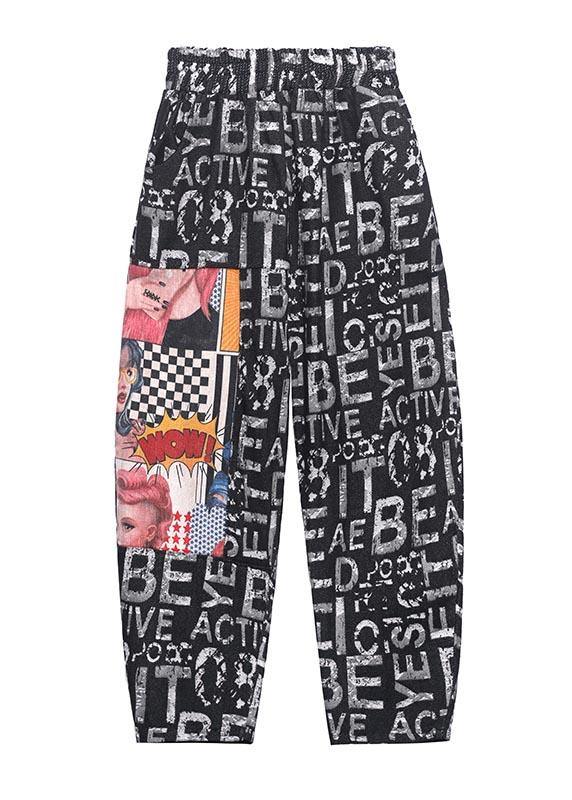 Black Graphic High Waist Wide Leg Pants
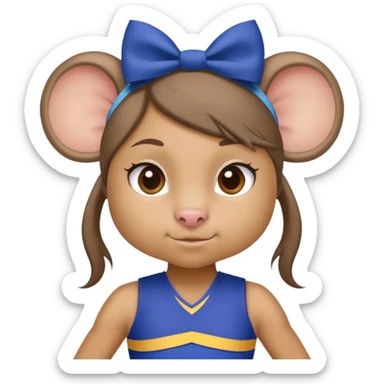 girl rat with a blue bow, wearing a blue and gold cheerleader outfit, Vikings team colors sticker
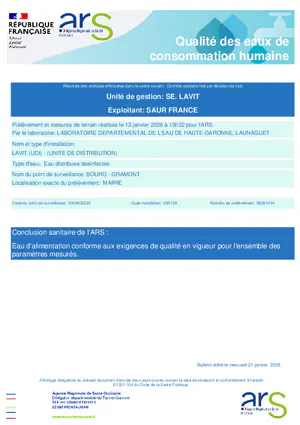 Contrôle sanitaire de l'eau destinée à la consommation humaine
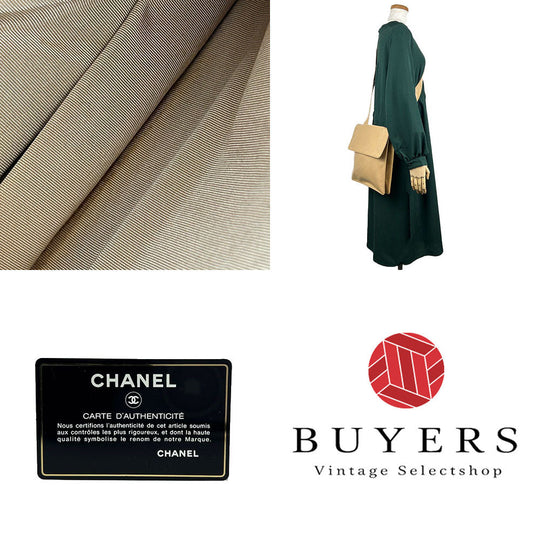 CHANEL Shoulder Bag leather beige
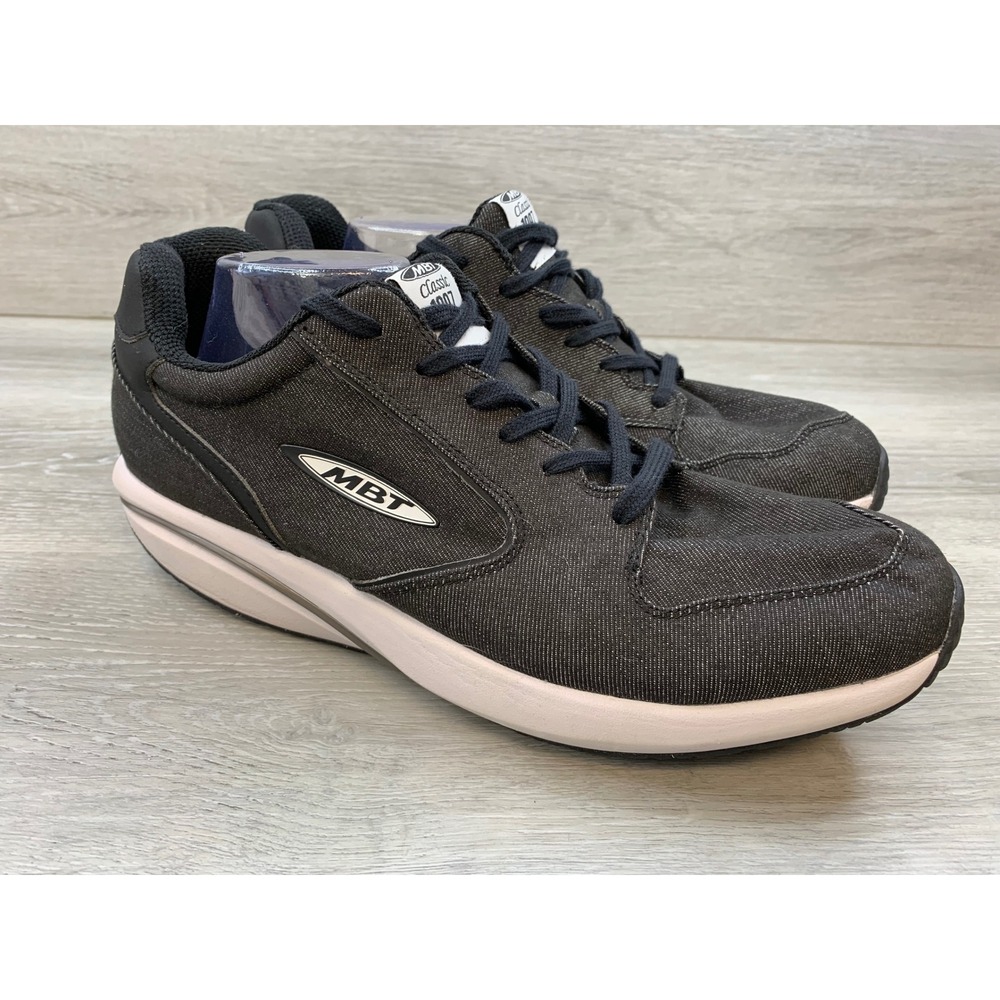 MBT Men's Sneakers Black Denim Rocker Bottom 13-13.5 Casual Comfort Shoes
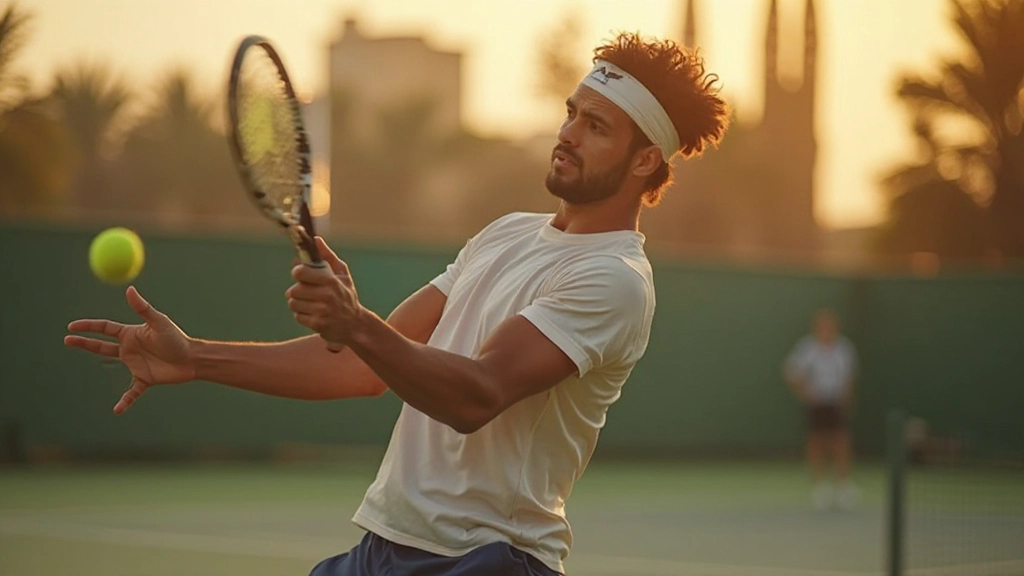 Professional tennis player executing advanced serve technique with power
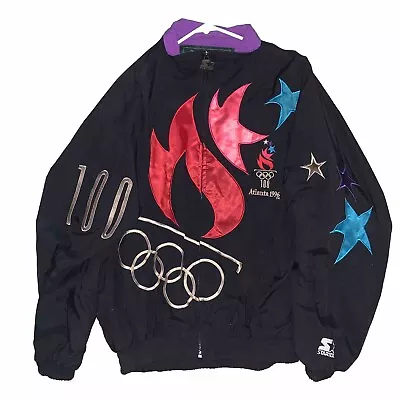 VINTAGE 1996 ATLANTA OLYMPICS STARTER JACKET Great Condition! Size Large • $110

----------------------------------------

*WHAT TO PRODUCE:*
A faithful copy is needed of the lines from the one containing "Contrôle sanitaire de" through the last line of the data above, with pictures left out.

*ANSWER SECTION:*
 Contrôle sanitaire de l'eau destinée à la consommation humaine
 CHANEL Shoulder Bag leather beige
 MBT Men's Sneakers Black Denim Rocker Bottom 13-13.5 Casual Comfort Shoes
 Professional tennis player executing advanced serve technique with power
 VINTAGE 1996 ATLANTA OLYMPICS STARTER JACKET Great Condition! Size Large • $110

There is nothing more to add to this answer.